- [BRIEF]: No pictures belong in the result; set down exactly the lines from the one containing "Syngonium (Arrowhead) Plant thumbnail" through the final line of the listing, and nothing more.
(RECORD SET Opens)
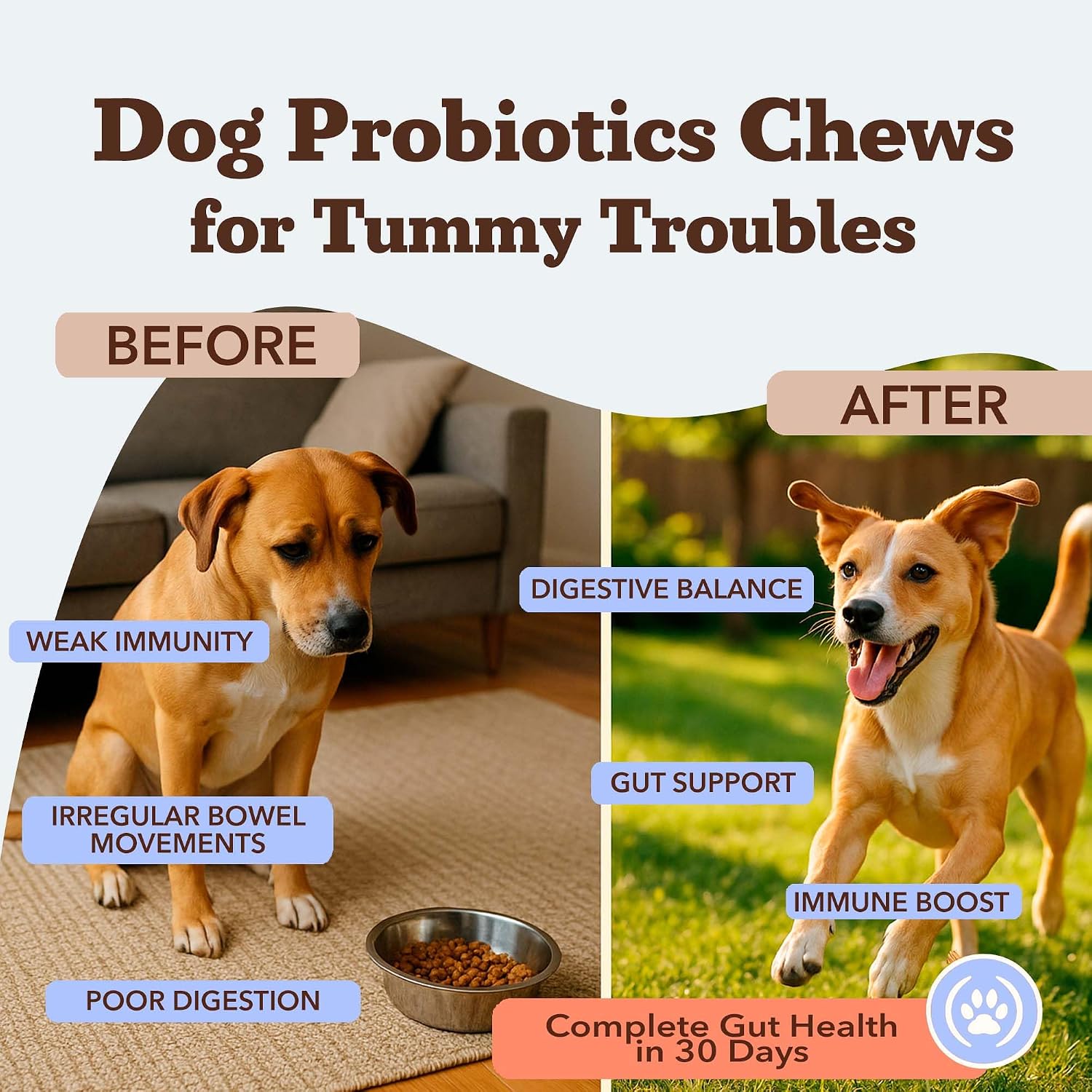 Natural Dog Company Probióticos para Perros – Masticables con 1B UFC, Cepas Microencapsuladas, Prebióticos y Enzimas para la Salud Digestiva, 45 unidades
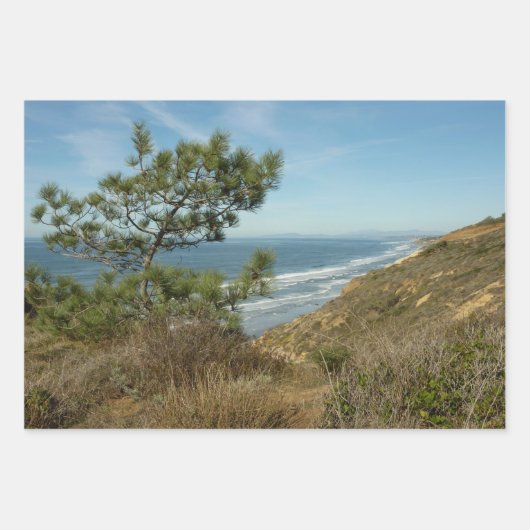 Torrey Pine und California Coastline Landschaft Geschenkpapier Set (Vorderseite)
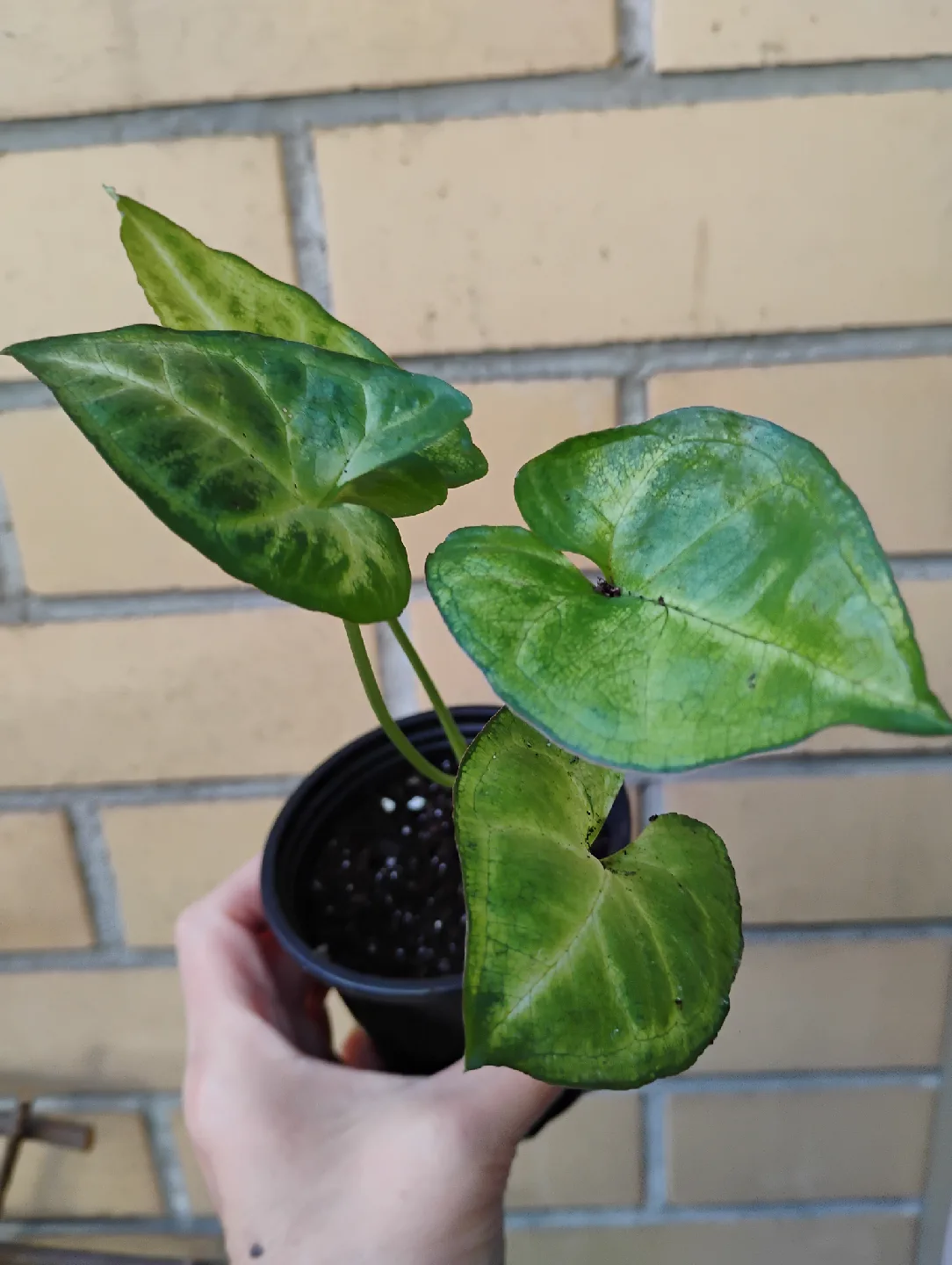 Syngonium (Arrowhead) Plant thumbnail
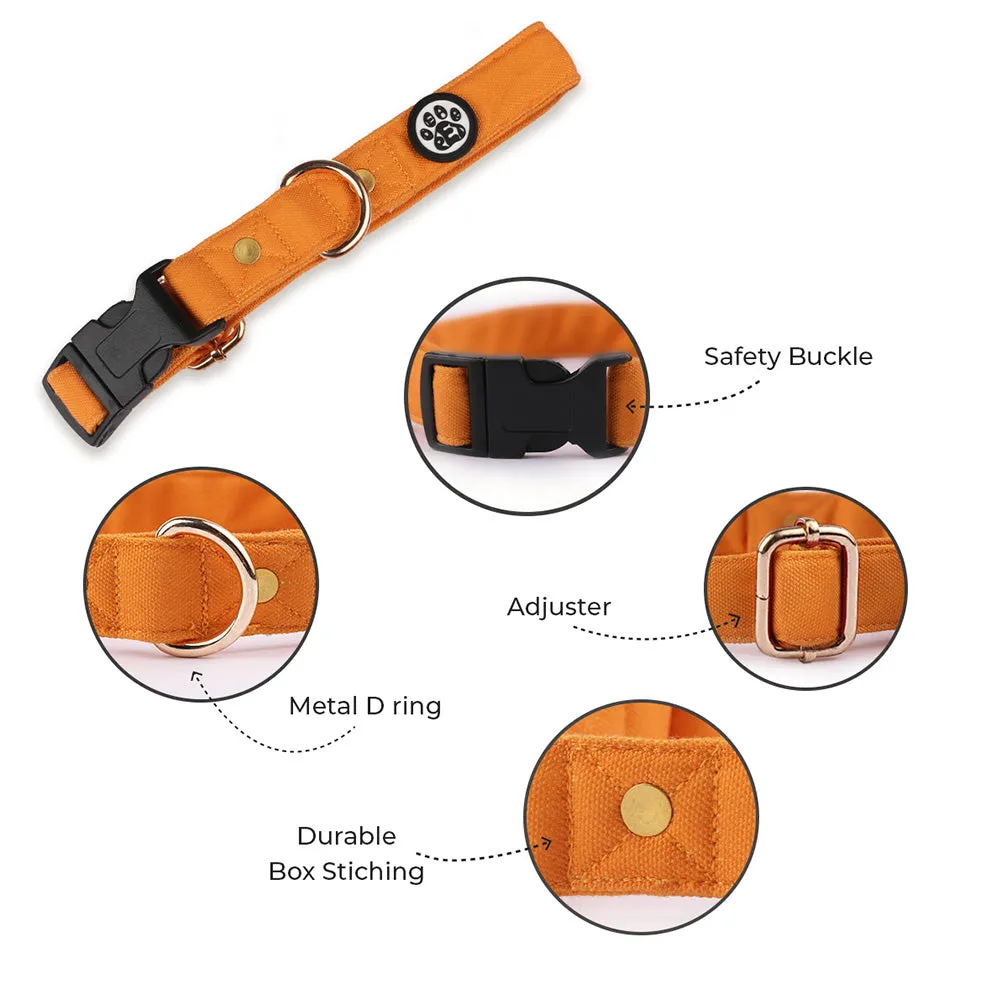 Dear Pet Classic Mustard Dog Collar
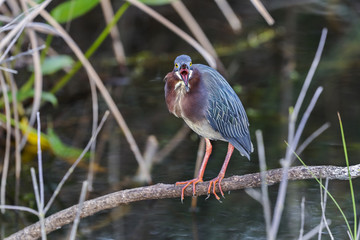 Wall Mural - green heron, butorides virescens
(RECORD SET Closes)
- [TASK OUTPUT]:
 Syngonium (Arrowhead) Plant thumbnail
 Dear Pet Classic Mustard Dog Collar
 Wall Mural - green heron, butorides virescens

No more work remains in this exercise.